## WHAT THE TASK ASKS:
Only a verbatim restatement of the lines from the one with "Cast Iron Base" through the end of the listing below is wanted. Pictures should be left out.

STORED DATA below:

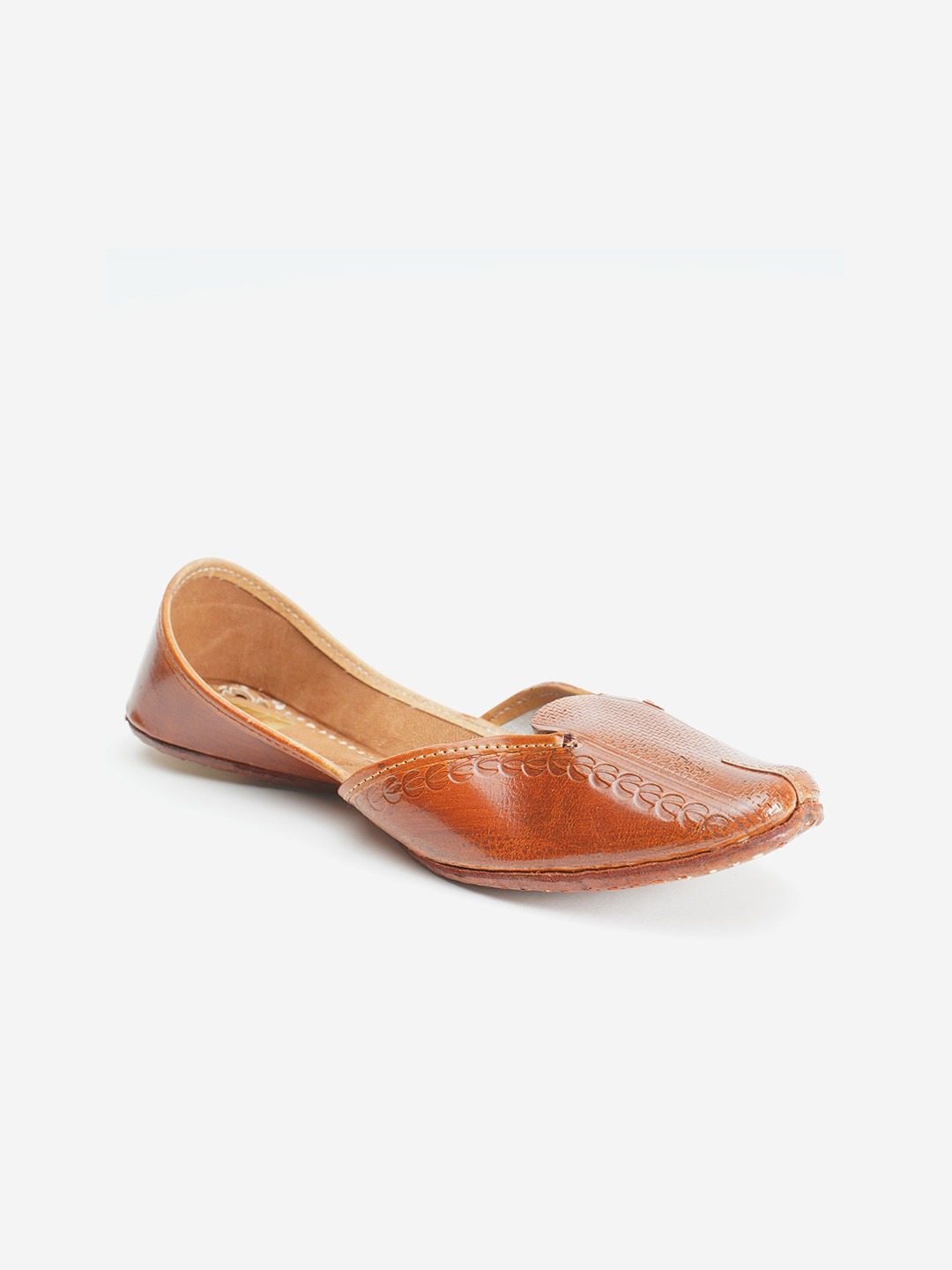 Ta Chic Women Brown Textured Ethnic Mojaris Flats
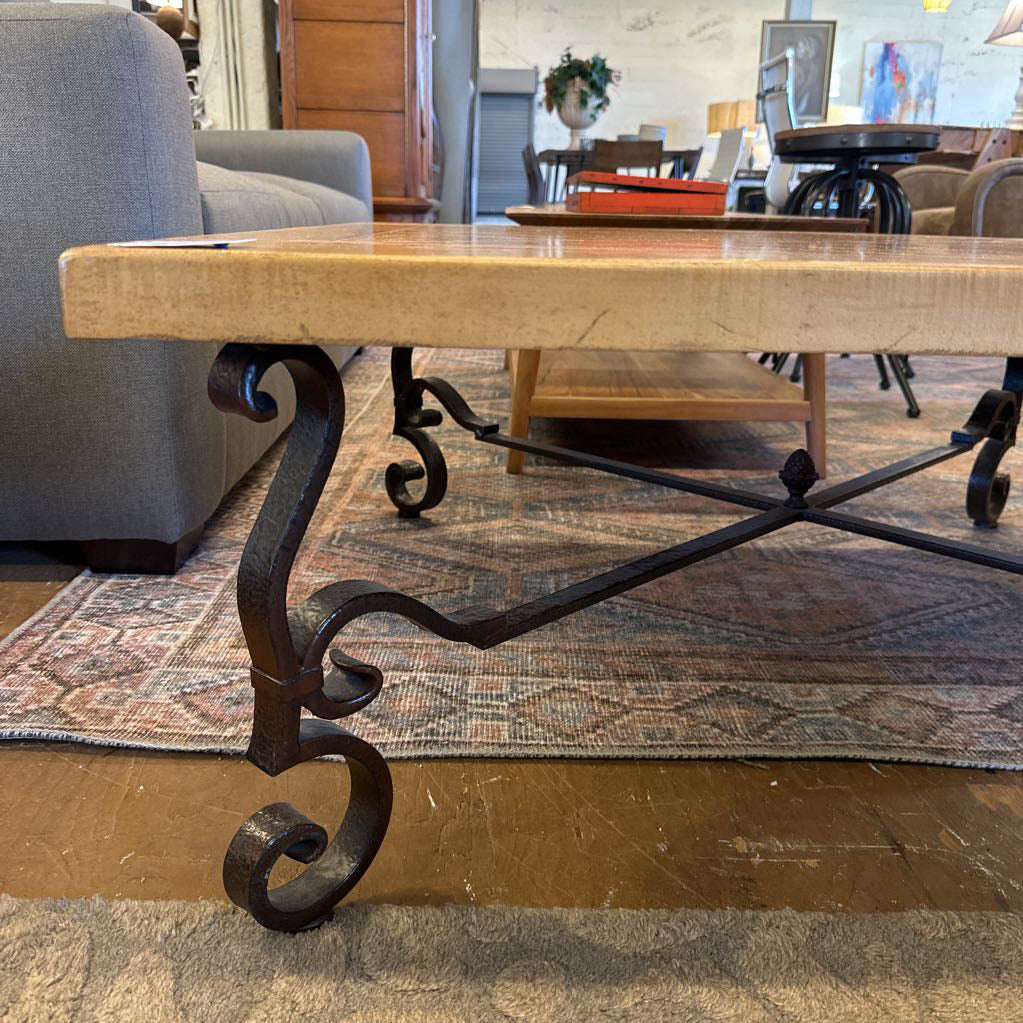 Cast Iron Base Wood Top Coffee Table C COFFEE TABLES
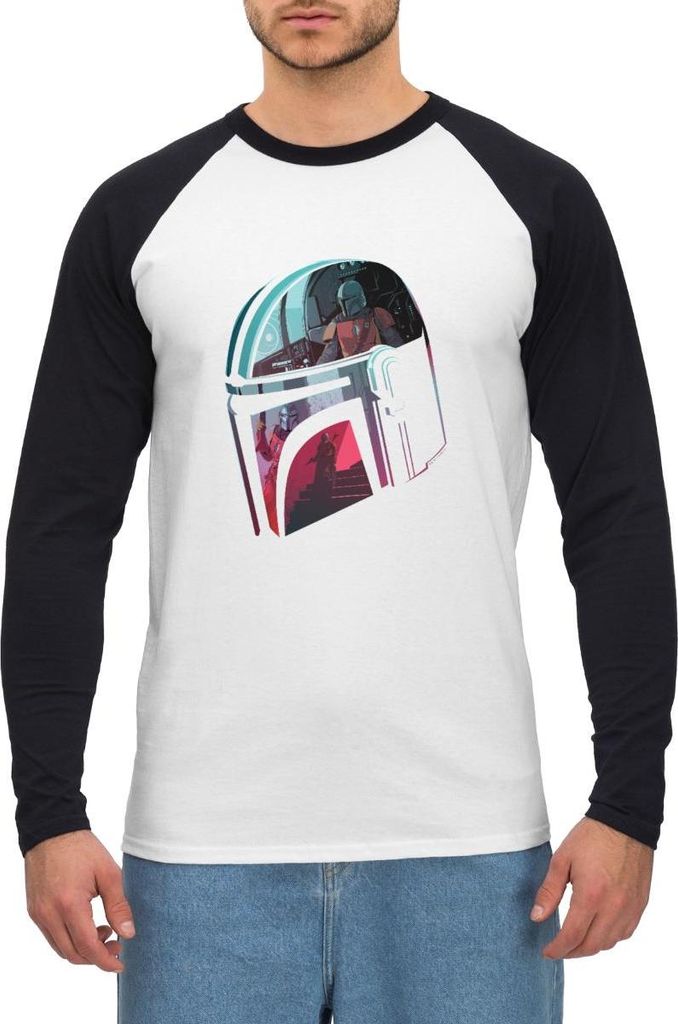 Star Wars: Mandalorian Verspiegelter Helm Baseball Langarmshirt Herren, XXL, Weiß/Schwarz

End of STORED DATA.

## ANSWER BOX:
 Cast Iron Base Wood Top Coffee Table C COFFEE TABLES
 Star Wars: Mandalorian Verspiegelter Helm Baseball Langarmshirt Herren, XXL, Weiß/Schwarz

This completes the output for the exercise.